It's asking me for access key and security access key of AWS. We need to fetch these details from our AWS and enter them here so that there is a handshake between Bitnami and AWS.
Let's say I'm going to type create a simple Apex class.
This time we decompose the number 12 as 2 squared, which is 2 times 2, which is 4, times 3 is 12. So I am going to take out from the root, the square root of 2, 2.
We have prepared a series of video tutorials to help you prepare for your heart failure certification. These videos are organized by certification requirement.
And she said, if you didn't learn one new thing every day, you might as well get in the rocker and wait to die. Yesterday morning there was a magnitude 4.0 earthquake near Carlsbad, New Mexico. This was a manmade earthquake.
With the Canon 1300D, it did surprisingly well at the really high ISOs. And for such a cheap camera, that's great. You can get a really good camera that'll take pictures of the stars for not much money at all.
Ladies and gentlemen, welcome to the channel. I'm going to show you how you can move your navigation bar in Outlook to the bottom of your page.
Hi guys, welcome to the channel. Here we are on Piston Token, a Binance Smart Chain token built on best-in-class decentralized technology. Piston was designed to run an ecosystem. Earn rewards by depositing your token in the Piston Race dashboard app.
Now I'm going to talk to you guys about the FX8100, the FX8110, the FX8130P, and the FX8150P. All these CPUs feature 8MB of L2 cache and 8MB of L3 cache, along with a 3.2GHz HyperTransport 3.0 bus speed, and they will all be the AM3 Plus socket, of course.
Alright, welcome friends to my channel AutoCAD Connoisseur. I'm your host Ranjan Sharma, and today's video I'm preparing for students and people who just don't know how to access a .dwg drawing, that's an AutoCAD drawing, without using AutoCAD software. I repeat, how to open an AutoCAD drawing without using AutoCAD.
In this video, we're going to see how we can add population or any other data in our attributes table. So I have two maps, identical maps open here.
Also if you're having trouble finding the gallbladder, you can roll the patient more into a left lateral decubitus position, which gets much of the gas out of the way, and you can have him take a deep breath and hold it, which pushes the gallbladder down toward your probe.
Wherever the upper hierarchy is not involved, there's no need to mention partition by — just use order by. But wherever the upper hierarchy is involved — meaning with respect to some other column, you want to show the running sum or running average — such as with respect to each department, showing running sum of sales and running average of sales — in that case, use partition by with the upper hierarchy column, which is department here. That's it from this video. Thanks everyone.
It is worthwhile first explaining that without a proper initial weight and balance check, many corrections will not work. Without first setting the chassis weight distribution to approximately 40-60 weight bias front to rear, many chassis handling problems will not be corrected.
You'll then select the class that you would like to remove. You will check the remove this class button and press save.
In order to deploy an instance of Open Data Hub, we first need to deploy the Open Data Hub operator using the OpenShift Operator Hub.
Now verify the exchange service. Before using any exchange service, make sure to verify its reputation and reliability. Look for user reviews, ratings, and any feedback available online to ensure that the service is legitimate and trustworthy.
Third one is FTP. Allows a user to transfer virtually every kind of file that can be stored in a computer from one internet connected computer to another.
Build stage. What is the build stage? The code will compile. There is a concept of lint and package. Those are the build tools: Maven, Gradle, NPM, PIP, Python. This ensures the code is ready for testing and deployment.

(What is needed) Write the records out once more, exactly as shown.

(Output for this exercise)
It's asking me for access key and security access key of AWS. We need to fetch these details from our AWS and enter them here so that there is a handshake between Bitnami and AWS.
Let's say I'm going to type create a simple Apex class.
This time we decompose the number 12 as 2 squared, which is 2 times 2, which is 4, times 3 is 12. So I am going to take out from the root, the square root of 2, 2.
We have prepared a series of video tutorials to help you prepare for your heart failure certification. These videos are organized by certification requirement.
And she said, if you didn't learn one new thing every day, you might as well get in the rocker and wait to die. Yesterday morning there was a magnitude 4.0 earthquake near Carlsbad, New Mexico. This was a manmade earthquake.
With the Canon 1300D, it did surprisingly well at the really high ISOs. And for such a cheap camera, that's great. You can get a really good camera that'll take pictures of the stars for not much money at all.
Ladies and gentlemen, welcome to the channel. I'm going to show you how you can move your navigation bar in Outlook to the bottom of your page.
Hi guys, welcome to the channel. Here we are on Piston Token, a Binance Smart Chain token built on best-in-class decentralized technology. Piston was designed to run an ecosystem. Earn rewards by depositing your token in the Piston Race dashboard app.
Now I'm going to talk to you guys about the FX8100, the FX8110, the FX8130P, and the FX8150P. All these CPUs feature 8MB of L2 cache and 8MB of L3 cache, along with a 3.2GHz HyperTransport 3.0 bus speed, and they will all be the AM3 Plus socket, of course.
Alright, welcome friends to my channel AutoCAD Connoisseur. I'm your host Ranjan Sharma, and today's video I'm preparing for students and people who just don't know how to access a .dwg drawing, that's an AutoCAD drawing, without using AutoCAD software. I repeat, how to open an AutoCAD drawing without using AutoCAD.
In this video, we're going to see how we can add population or any other data in our attributes table. So I have two maps, identical maps open here.
Also if you're having trouble finding the gallbladder, you can roll the patient more into a left lateral decubitus position, which gets much of the gas out of the way, and you can have him take a deep breath and hold it, which pushes the gallbladder down toward your probe.
Wherever the upper hierarchy is not involved, there's no need to mention partition by — just use order by. But wherever the upper hierarchy is involved — meaning with respect to some other column, you want to show the running sum or running average — such as with respect to each department, showing running sum of sales and running average of sales — in that case, use partition by with the upper hierarchy column, which is department here. That's it from this video. Thanks everyone.
It is worthwhile first explaining that without a proper initial weight and balance check, many corrections will not work. Without first setting the chassis weight distribution to approximately 40-60 weight bias front to rear, many chassis handling problems will not be corrected.
You'll then select the class that you would like to remove. You will check the remove this class button and press save.
In order to deploy an instance of Open Data Hub, we first need to deploy the Open Data Hub operator using the OpenShift Operator Hub.
Now verify the exchange service. Before using any exchange service, make sure to verify its reputation and reliability. Look for user reviews, ratings, and any feedback available online to ensure that the service is legitimate and trustworthy.
Third one is FTP. Allows a user to transfer virtually every kind of file that can be stored in a computer from one internet connected computer to another.
Build stage. What is the build stage? The code will compile. There is a concept of lint and package. Those are the build tools: Maven, Gradle, NPM, PIP, Python. This ensures the code is ready for testing and deployment.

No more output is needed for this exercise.